::: RECORDS SHOWN :::
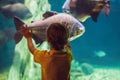 Little boy, kid watching the shoal of fish swimming in oceanarium, children enjoying underwater life in Aquarium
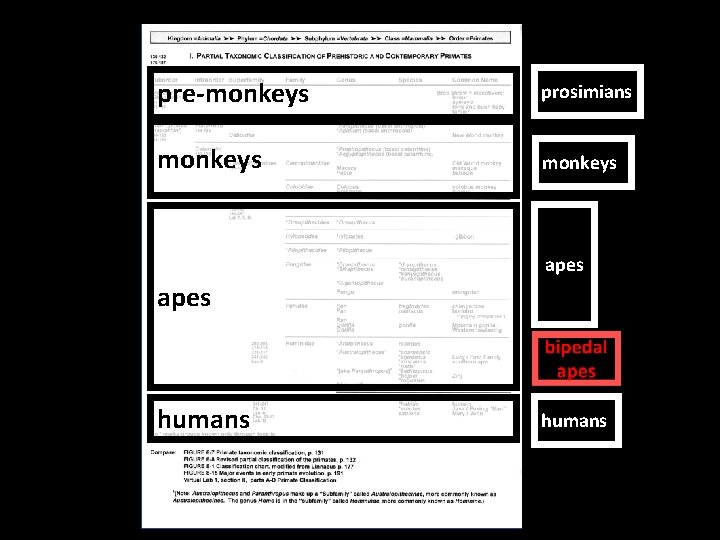 pre-monkeys prosimians monkeys apes humans 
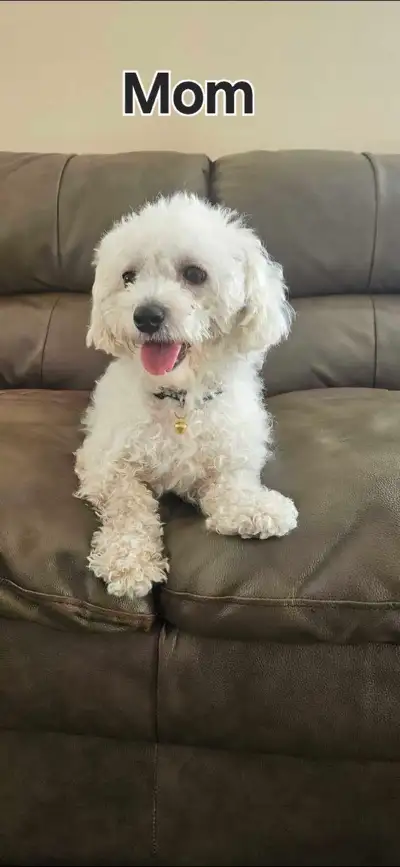 Bichon Frise puppies, View more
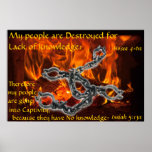 Captive Destruction posters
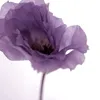 gefljlflfow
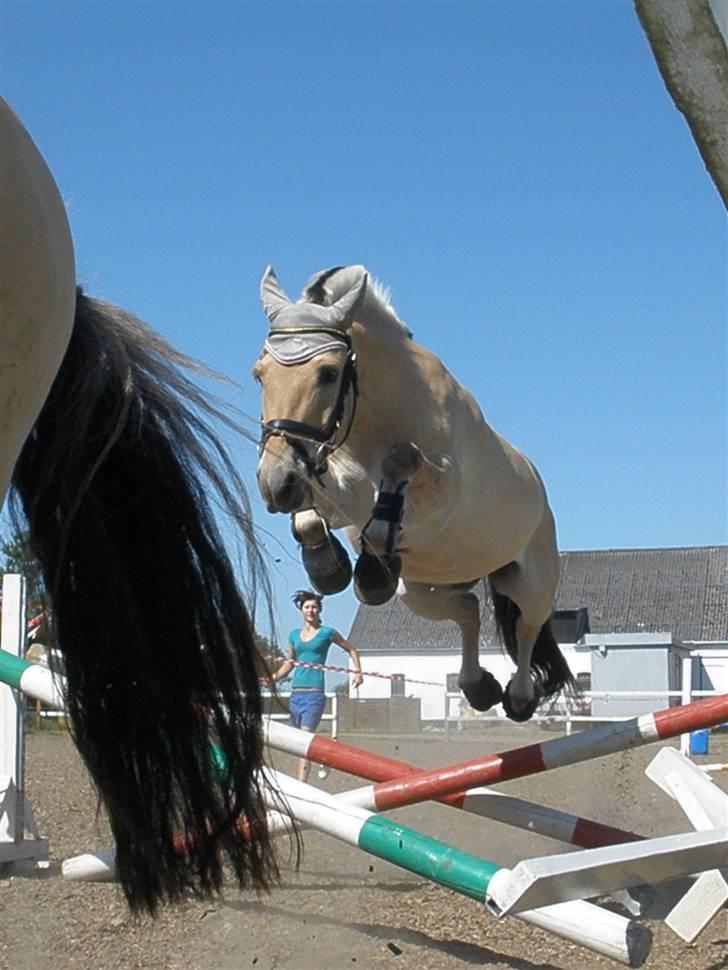 Fjordhest Toffi - toffi min bedste ven. <3 billede 3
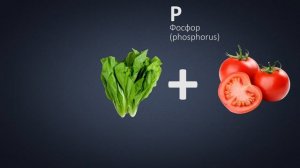 Лекция 10. Часть 1.Как увеличить Фосфор (phosphorus)(P) и сделать его доступным.
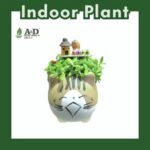 Dragon Fruit Seedlings Animal(Cat)
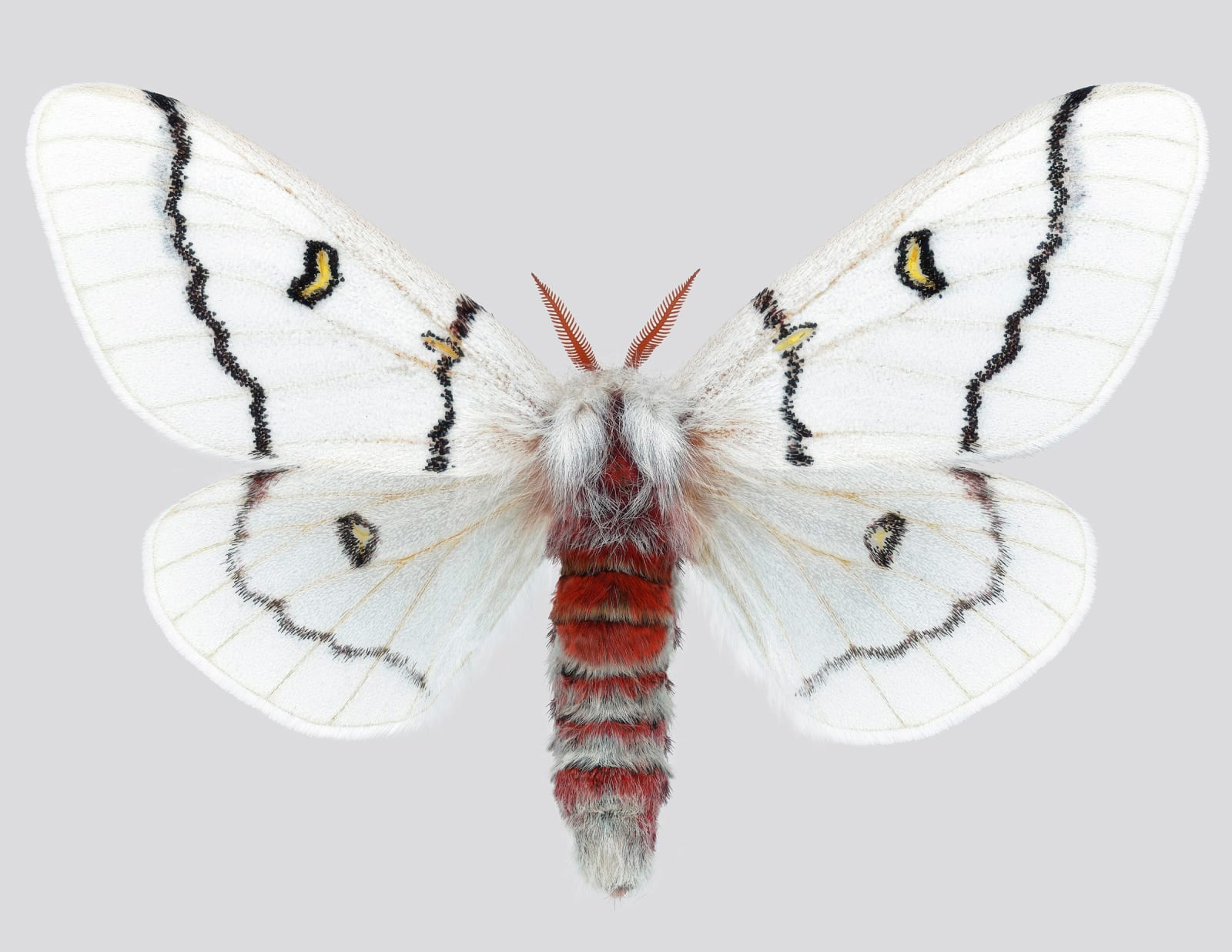 Joseph Scheer, Hemileuca neomoegeni female, 2006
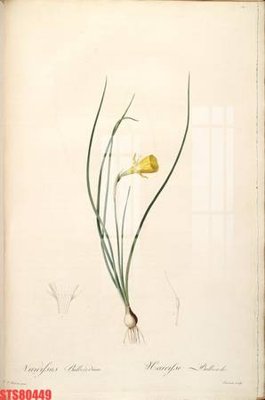 Tải file Tranh sơn dầu phương tây tổng hợp STS80449 (gốc) chủ đề tâm linh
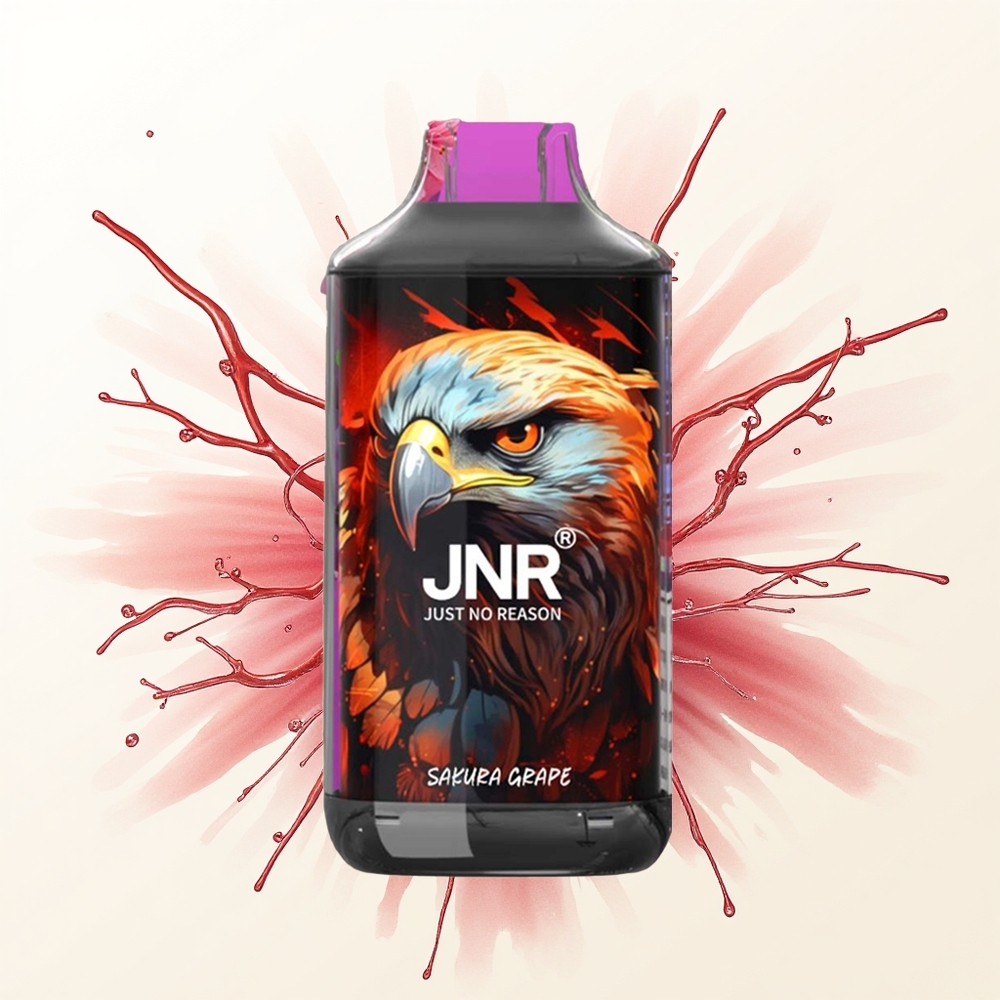 JNR Falcon 16000 Wiśnia Winogrono 850mAh Dual Mesh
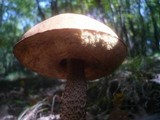 Leccinum aurantiacum image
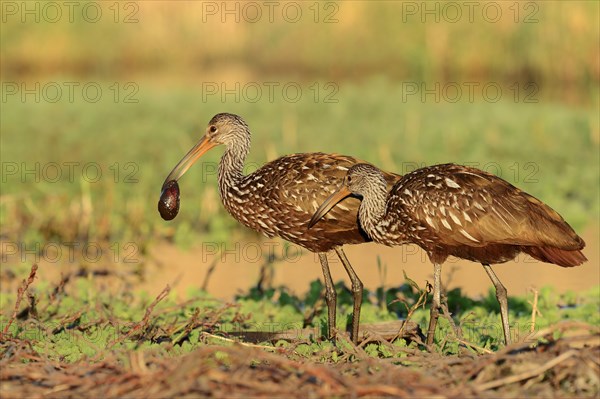 Limpkins (Aramus guarauna pictus)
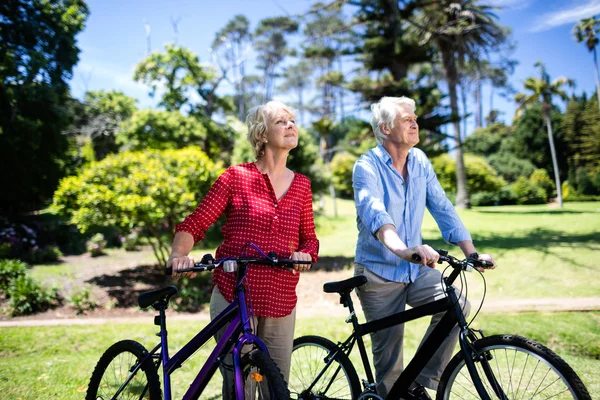 自転車で歩くカップル — ストック写真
:::
### EXERCISE DIRECTIONS
Excluding pictures, copy exactly the lines from the line containing "Tải file Tranh" through the last line of the data, inclusive.

### WRITTEN REPLY
 Tải file Tranh sơn dầu phương tây tổng hợp STS80449 (gốc) chủ đề tâm linh
 JNR Falcon 16000 Wiśnia Winogrono 850mAh Dual Mesh
 Leccinum aurantiacum image
 Limpkins (Aramus guarauna pictus)
 自転車で歩くカップル — ストック写真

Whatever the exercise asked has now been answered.